Sunday, April 19, 2020

The Thing About Hit Points

Are hit points outdated? Hit points get a lot of discussion in D&D circles. They're an iconic part of the game, and, like all iconography, they are often targeted by iconoclasts. Still, they remain part of the bedrock of D&D - though not of gaming in general. For me, they work, in all their abstract yet satisfying glory. They don't work for everyone, though, and what they represent is the core issue of virtually all arguments about them. 

Some arguments take the tack that in a world where dragons and spellcasters exist, the very concept of hit points is, essentially, just as hand-wavey as Wish spells. But D&D's baseline humans are no more magical than in movies and tv. I mean the bystanders, the workers that exude boredom when being quizzed by detectives in Law and Order, and the corpses that kick off the L&O investigation. Not the most durable folk. Not much magic there. Four hit points doesn't go far. 

Hit points reflect much more than sheer physicality. Fate, destiny, luck, muscle memory, instinct, training, all of these things figure in to the concept of hit points. All those last second dodges and hails of bullets that strike everywhere but miss the protagonist are expressions of hit points (yeah, and Armor Class, too, but that's for another post).

The Commoner in the 5e Monster Manual, or the 0-level NPC of the early days of AD&D, is the normal human, with 3 or 4 hit points. D&D PCs are the action heroes of the game, akin to Schwarzenegger or Bruce Lee. It's not necessarily magic, but, rather, action movie logic. Which I suppose is a kind of non-magical magic.

One obstacle that gets in the way of hit point critics enjoying them is the supposed lack of the "instakill," the stealthy strike, the single devastating blow that takes out a target. Especially if that target is a Big Bad. Look, instakills are built into the system; low-hit-point creatures can be dispatched with a sword thrust or a dagger slit. Higher hit points means any number of things prevent such "coup de grace"s and the like. The mind-dominated noble is jostled so his self-imposed dagger strike goes awry; the bound captive twists at the right moment; the executioner is distracted; the barbarian dodges aside of the battle axe that almost split his skull to the sternum.

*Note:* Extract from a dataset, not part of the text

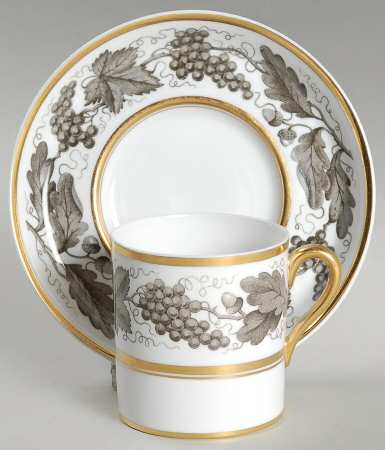 Kent Grey Flat Demitasse Cup & Saucer Set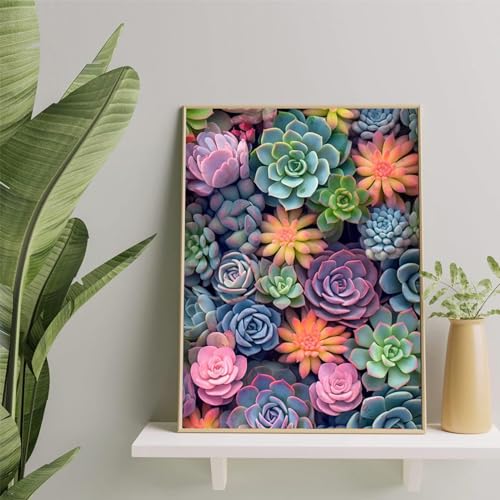 Ycydilirab Succulent Paint by Numbers Kits for Adults Beginners-Succulent Plant Paint by Number for Adult,Easy Canvas Paint by Numbers for Adults for Home Wall Decoration and Gifts 16X20 inch - color: succulent, size: 16x20in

We've seen it in movies and shows countless times. The protagonists, antagonists, and certain important supporting characters, cheat death in amazing ways time after time.

The main problem I have with some anti-hit point arguments is the notion of something being narratively appropriate. Games are not novels, tv shows, or movies. Chance plays into the proceedings. 

If you want to eliminate chance, or only allow it in certain situations, then admit it, to yourself if nobody else, and go into pure collaborative storytelling. That's not me being dismissive; there are more games than ever that focus on group tale creation. Dispense with the pretense of wanting to play a game where randomness plays a role. There's nothing wrong with that. If certain actions have to succeed due to them advancing the story, then it's more a tale than a game. When it's a game that has major mechanical elements predicated on random chance, a good DM and players know how to roll with it when that "coup de grace" doesn't work. I dare say that such things actually add to the "narrative," or the game experience, as everyone has to act and react to something they couldn't count on happening. 

So I'd say it's less a matter of hit points being outdated than players and DMs who are too inflexible, or who want to simply tell a story amongst themselves.